IN OPENING A COMMODITY FUTURES ACCOUNT WITH D.E. JONES COMMODITIES, INC., AS THE BENEFICIAL HOLDER OF INTEREST IN THIS ACCOUNT (OR, AS AN AUTHORIZED REPRESENTATIVE OF A BUSINESS ENTITY WHICH IS THE BENEFICIAL HOLDER OF INTEREST THEREIN), ACKNOWLEDGE [sic] THAT I HAVE RECEIVED AND UNDERSTAND THE RISK DISCLOSURE STATEMENT.

See 17 C.F.R. Sec. 1.55 (1987) (requiring that risk disclosure statement be provided to customer opening a commodity futures account).

Early in February, 1984, Katara's "long" position in the S & P market went sour. The market in S & P's fell, and D.E. Jones made several margin calls on Katara's account. Katara failed to meet the full amount called, and the value of his account continued to drop. Throughout this period, Katara was dealing with Arnold Zisselman, a vice president of Jones, because Nickelberry, Katara's regular account manager, was in the hospital. Finally on February 8, 1984, Zisselman liquidated fifty of the seventy S & P's in Katara's account, and liquidated the other twenty accounts the next day on Katara's instructions. At some point in this ongoing dialogue, Katara allegedly contended that he had an agreement with Jones that the Trust was not required to meet initial margin requirements.
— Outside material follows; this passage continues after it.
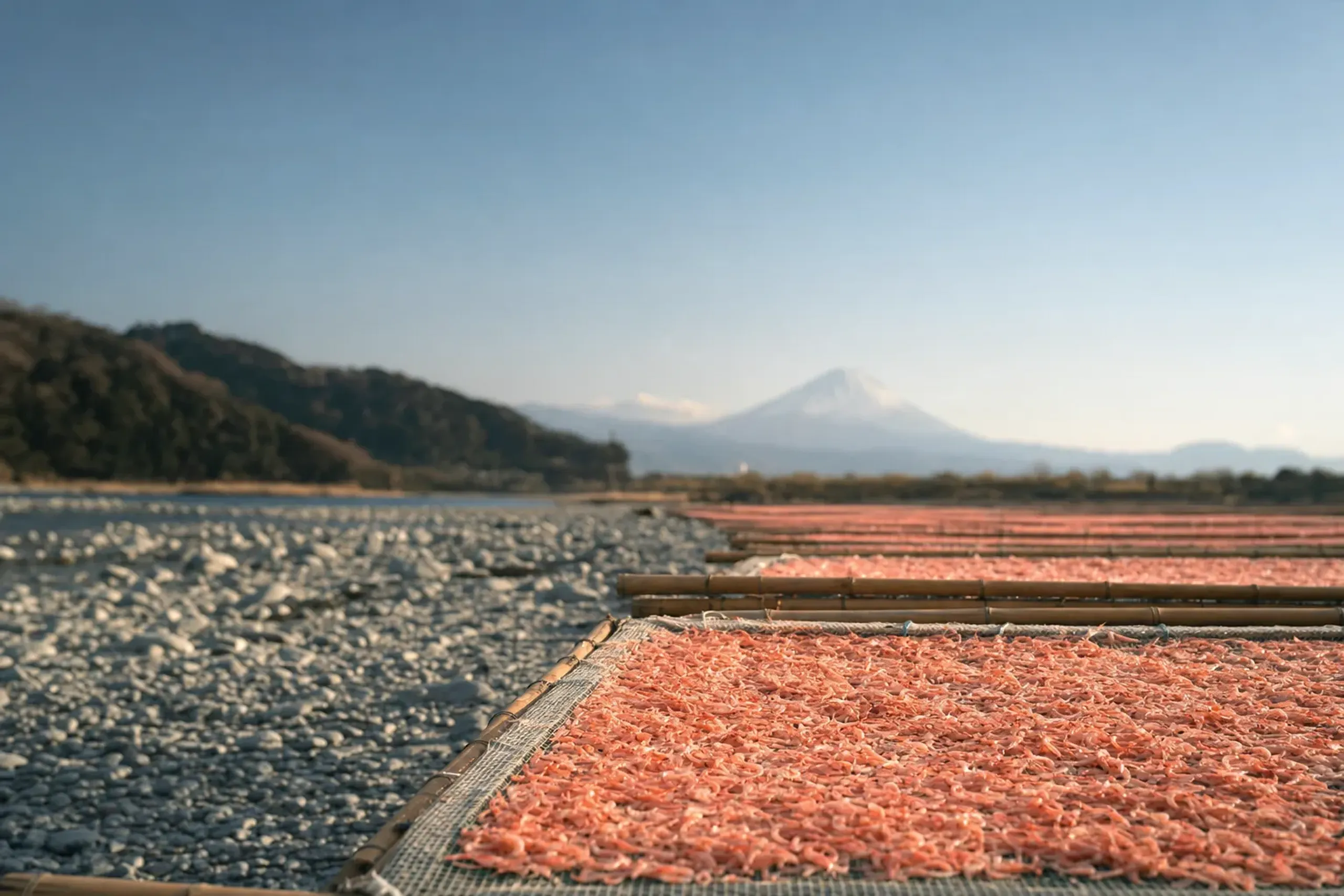 Sakura ebi sun-drying happens on the Fuji River bed in
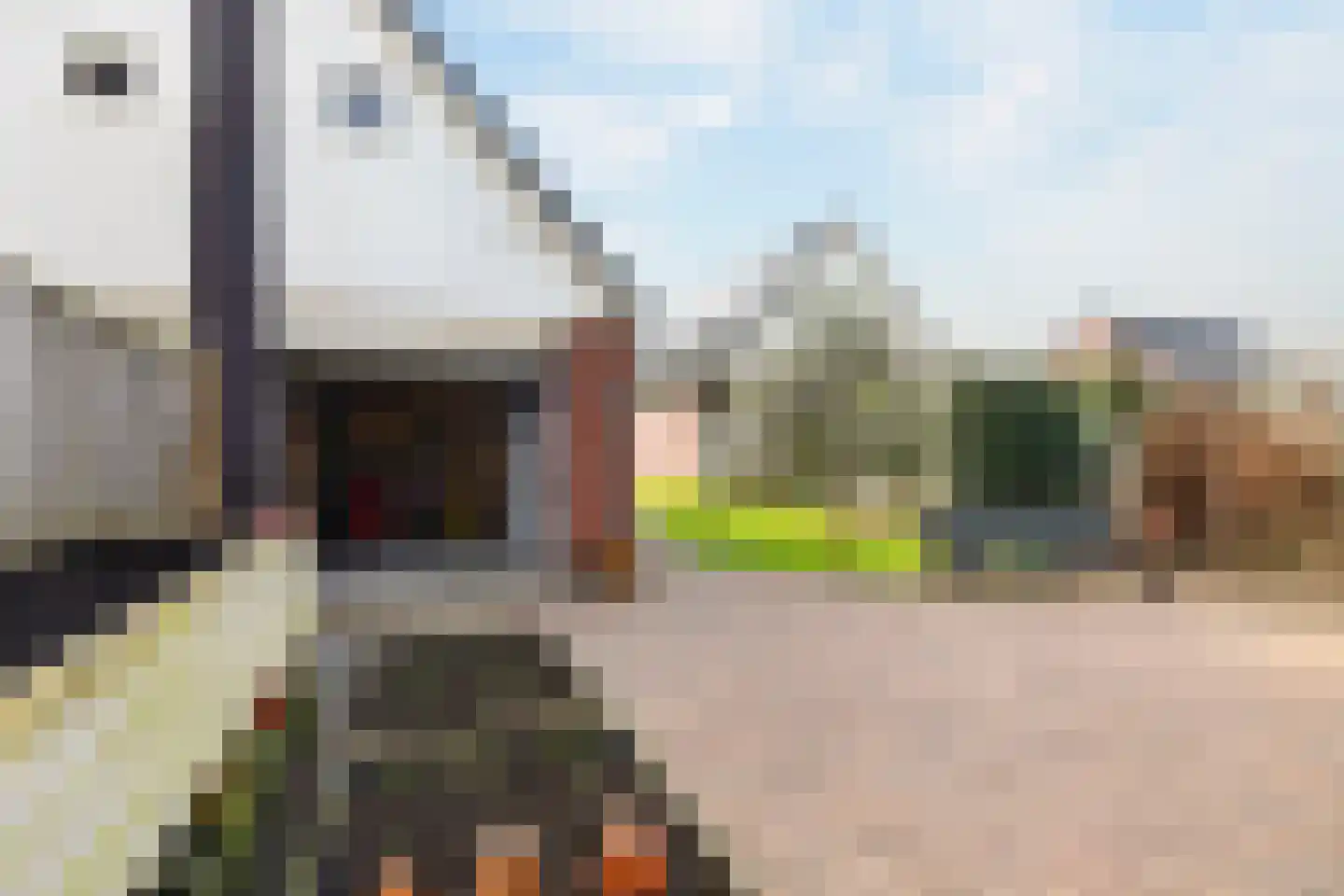 Stationsstraat 71 Veenendaal thumbnail 51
Katara did not thereafter, between the date of liquidation and the date of maturity of the S & P's that had been liquidated (approximately five weeks later), reenter the market by purchasing S & P's in order to mitigate the Trust's damages.

Katara brought suit to recover the Trust's damages, alleging common law fraud and breach of contract. 2 Defendants asserted both counterclaims and third party claims against Katara for indemnification, attorneys' fees and exemplary damages. After trial, the jury returned a verdict awarding plaintiff $296,195 in compensatory damages and $150,000 in punitive damages against both defendants, and dismissing defendants' claims against Katara. Judgment was entered thereon, and defendants moved for judgment notwithstanding the verdict or a new trial. The motion was denied, 652 F.Supp. 907 (S.D.N...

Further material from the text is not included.